Apesar de toda a tecnologia, eu ainda sou do tipo que gosta de escrever em caderninhos, papeizinhos, blocos, no verso de flyers de desconto, em qualquer coisa que possa se tornar um manuscrito. Adquiri o hábito talvez por conta da minha memória ruim, que já me fez esbravejar por não consegui me lembrar de alguma ideia que tive – sobretudo aqui para a coluna – e achei “genial” na hora. Pode até ser que essas epifanias que se perdem no corrompido HD da minha cabeça nem fossem tão boas, mas o fato de não poder acessá-las me põe num humor com saborzinho de quinino.
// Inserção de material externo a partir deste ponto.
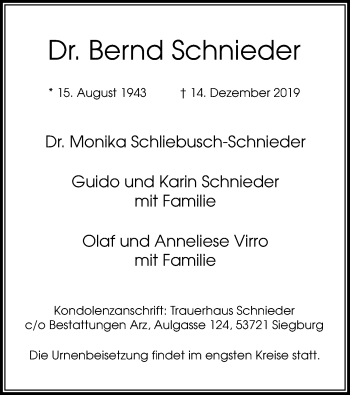 Anzeige von Bernd Schnieder von Kölner Stadt-Anzeiger / Kölnische Rundschau / Express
Por isso mesmo, penso, logo escrevo.
Essa semana, caçando um caderninho para colocar na bolsa, achei as anotações que fiz sobre a palestra de João Silvério Trevisan, um dos maiores estudiosos da história da homossexualidade no Brasil (reaças, tremei!). Lembro-me que saí de lá muito impactada, porque muito além de questões inerentes à comunidade LGBTTI+, Trevisan falou sobre assuntos que me afetam diretamente vivendo, ainda que do alto do meus privilégios de branca, hétero, cis e de classe média, como mulher. Falou sobre como a construção histórica da masculinidade é opressora, injusta e acaba causando dores a todos e todas – inclusive àqueles que são atores desta masculinidade tóxica e agressiva.
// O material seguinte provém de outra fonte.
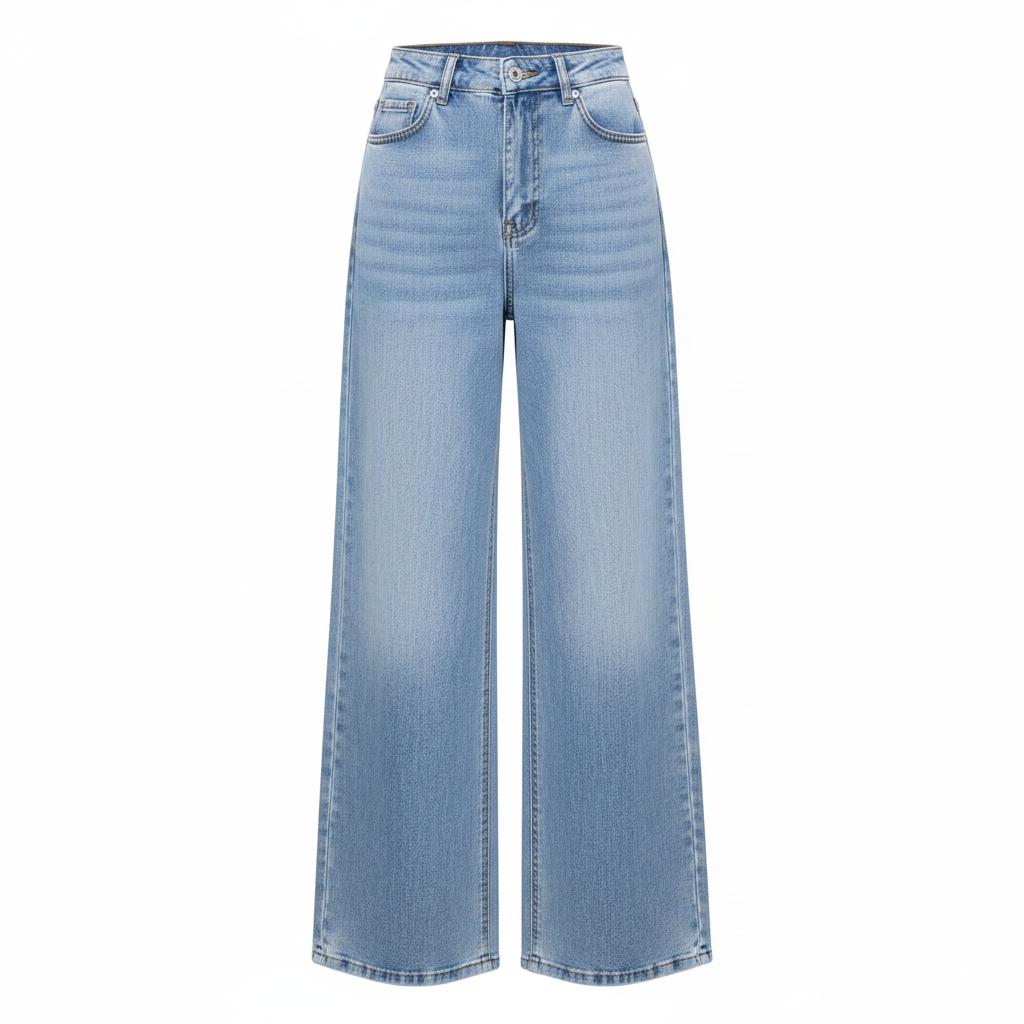 Light Blue Wide-Leg High-Waist Jeans – Ghost Mannequin Front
Mas ali entre meus escritinhos, achei uma fala linda dele, do alto de seus 74 anos, tendo vivido todas as perseguições, violências e preconceitos que um homem gay enfrenta em sua trajetória: “Não abro mão de ser defensor do direito de amar”. Nem eu, João. Amar, a si e a quem quer que seja, já é um caminho que, necessariamente, passa por vias desniveladas, esburacadas, de subidas e descidas, porque o curso da vida, em todas as suas esferas, é assim mesmo. E por isso mesmo. ninguém – eu disse ninguém – pode ter a pachorra de limitar toda a emancipação que vem do amor, próprio e pelas outras pessoas. E amor que só fere não é amor, é cilada, já profetizou o pensador contemporâneo do pagode 1990.
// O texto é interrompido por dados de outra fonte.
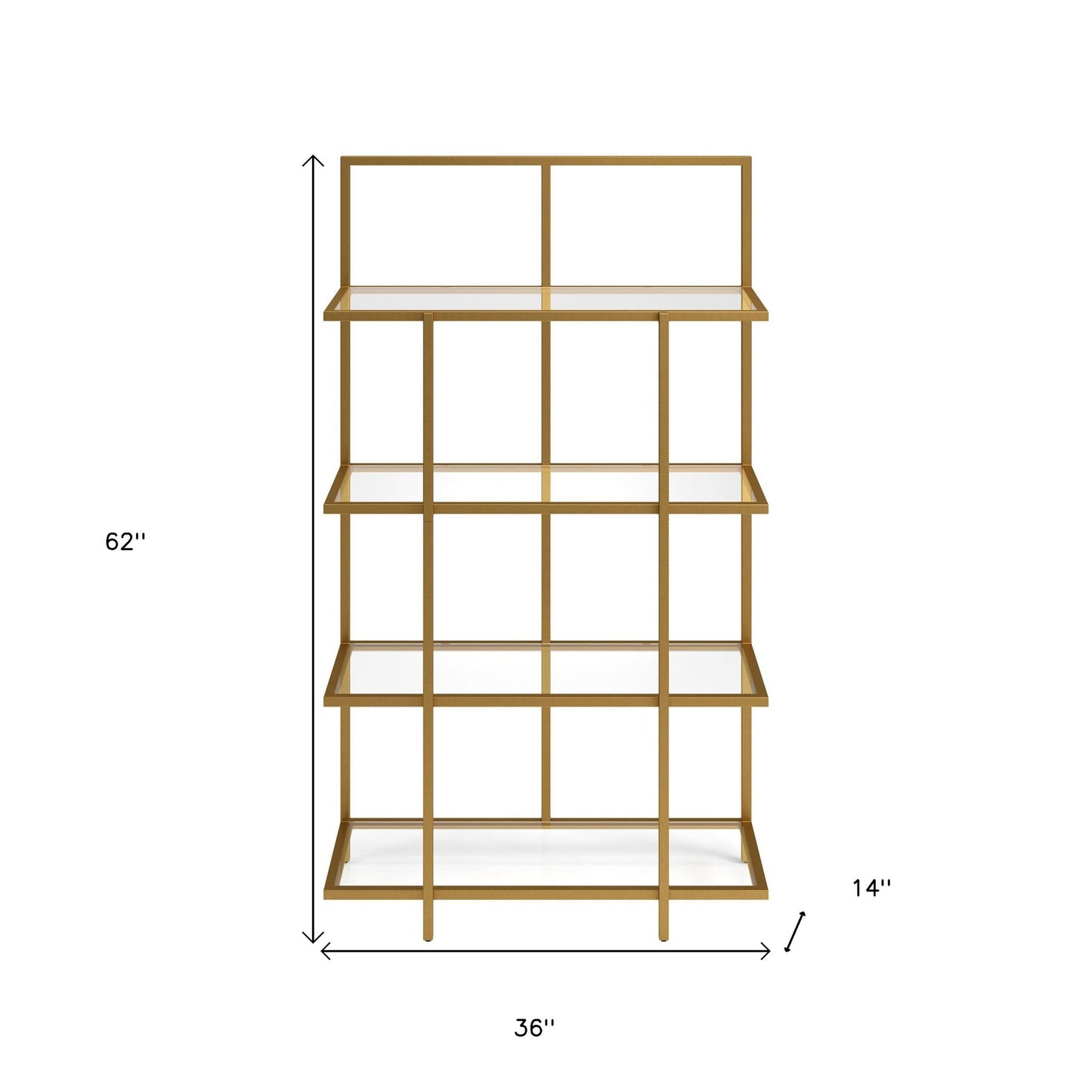 62" Gold Metal And Glass Four Tier Etagere Bookcase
Num cantinho abaixo do caderno, estava escrito, também entre aspas: “Estamos ensinando este país a amar.” Vendo tanto ódio grátis e em quantidades imensuráveis eu não sei se estamos, de fato. Mas como filha e neta de professoras, e eu mesma tendo sido uma, sei que o compasso do ensinar tem seu ritmo próprio. Quando a gente menos espera, algo mudou dentro das pessoas, e as transformou para sempre: elas aprenderam. Diferente de Drummond, não escrevo sob efeito de uma lua ou um conhaque, mas talvez porque o sol tenha aparecido depois de tantos dias de chuva, porque eu ando cercada de tanta gente incrível, ou até porque acho que a educação é redentora, eu ando acreditando, que mesmo em tempos tão duros, a gente possa ter sucesso, algum dia, neste projeto (co)letivo do amor. Mas pode ser que eu seja somente uma enorme trouxa. Em qualquer caso, prefiro assim. Deixar de acreditar é se estagnar e deixar de viver. Ensinemos.